(Collection entries)

★ ★ ★ ★ ★ ★ ★

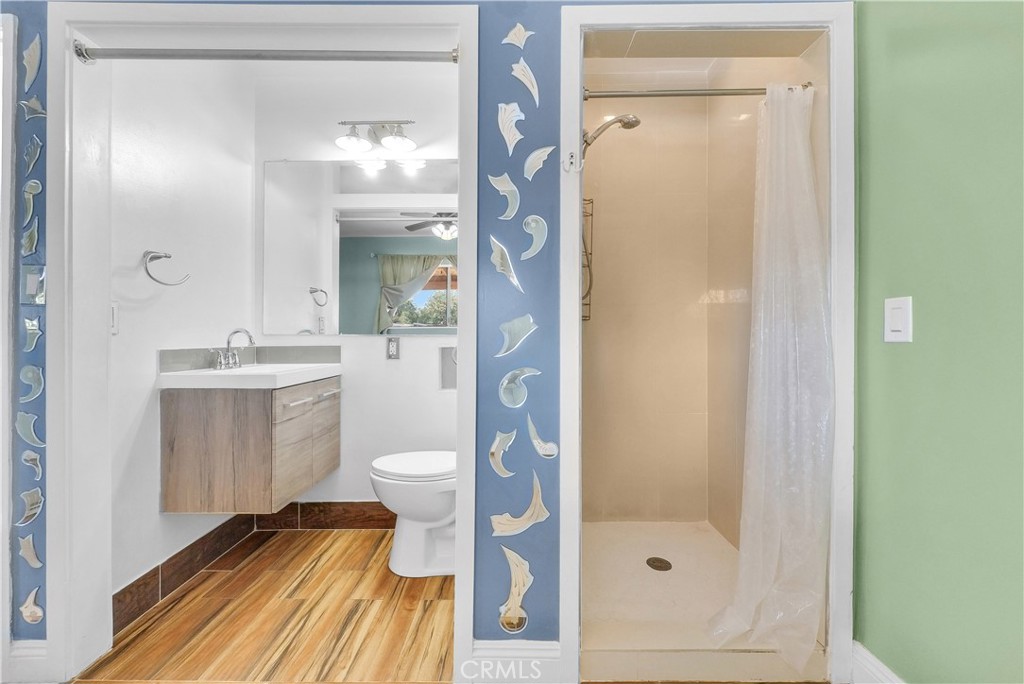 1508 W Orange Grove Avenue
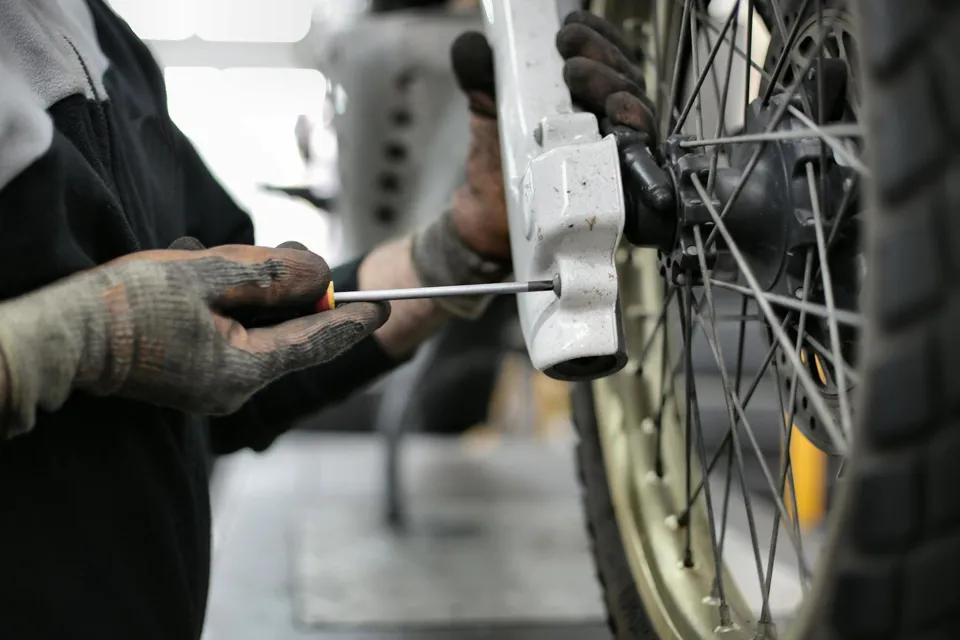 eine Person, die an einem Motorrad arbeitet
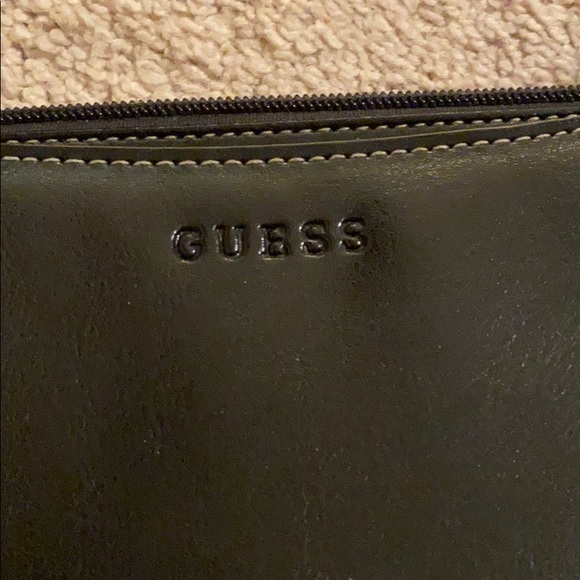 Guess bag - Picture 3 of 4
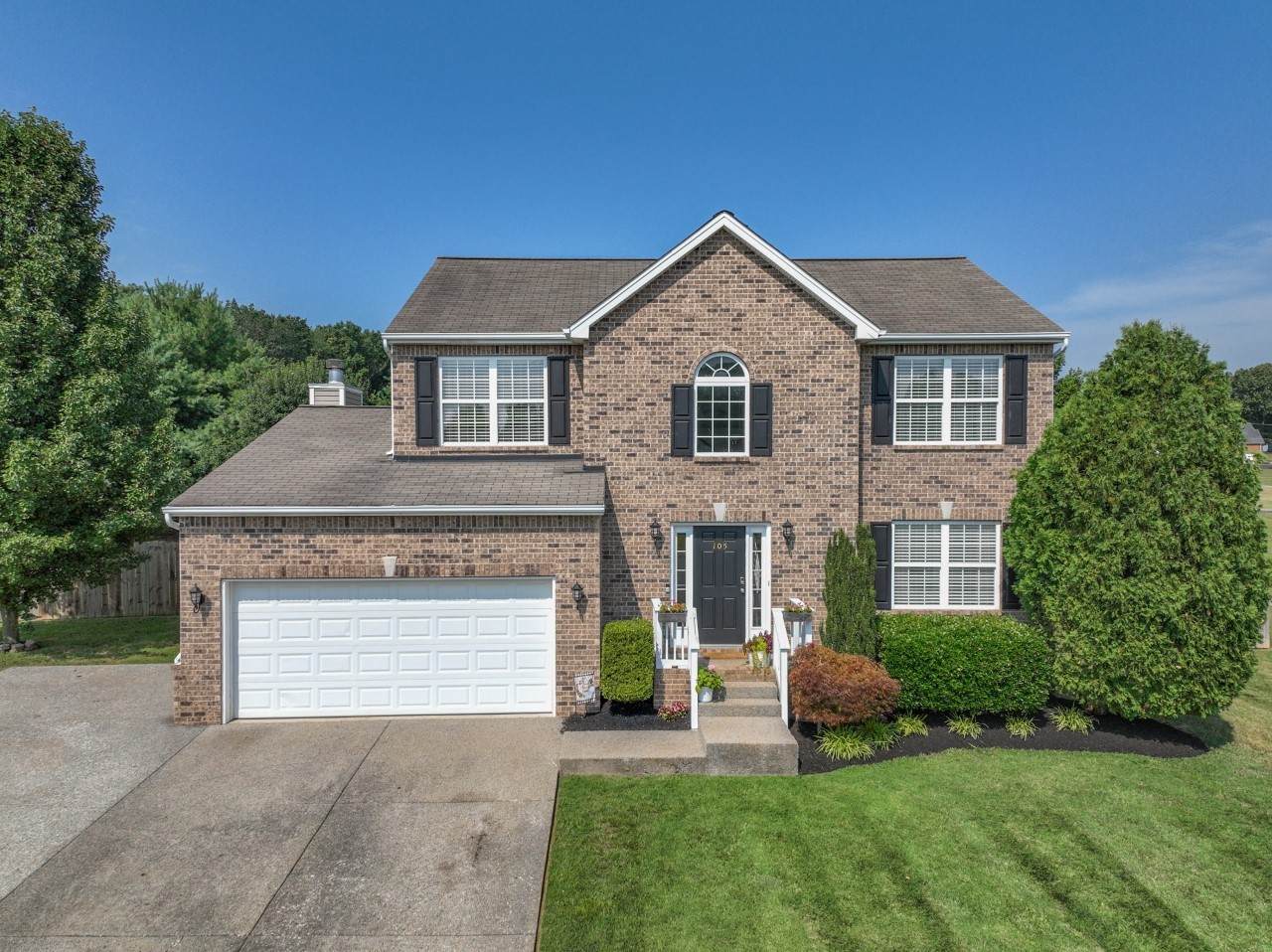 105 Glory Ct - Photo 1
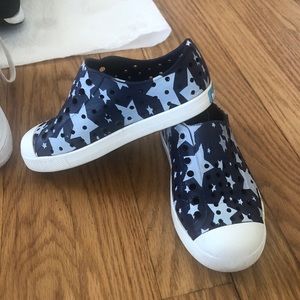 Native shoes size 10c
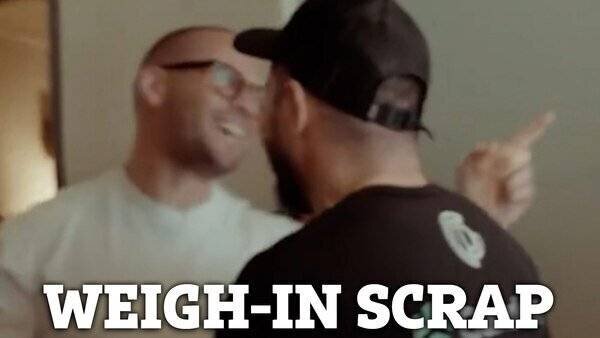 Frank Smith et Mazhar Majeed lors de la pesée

★ ★ ★ ★ ★ ★ ★

Work task
Would you write out all of the records exactly, omitting the pictures?

Response box
 1508 W Orange Grove Avenue
 eine Person, die an einem Motorrad arbeitet
 Guess bag - Picture 3 of 4
 105 Glory Ct - Photo 1
 Native shoes size 10c
 Frank Smith et Mazhar Majeed lors de la pesée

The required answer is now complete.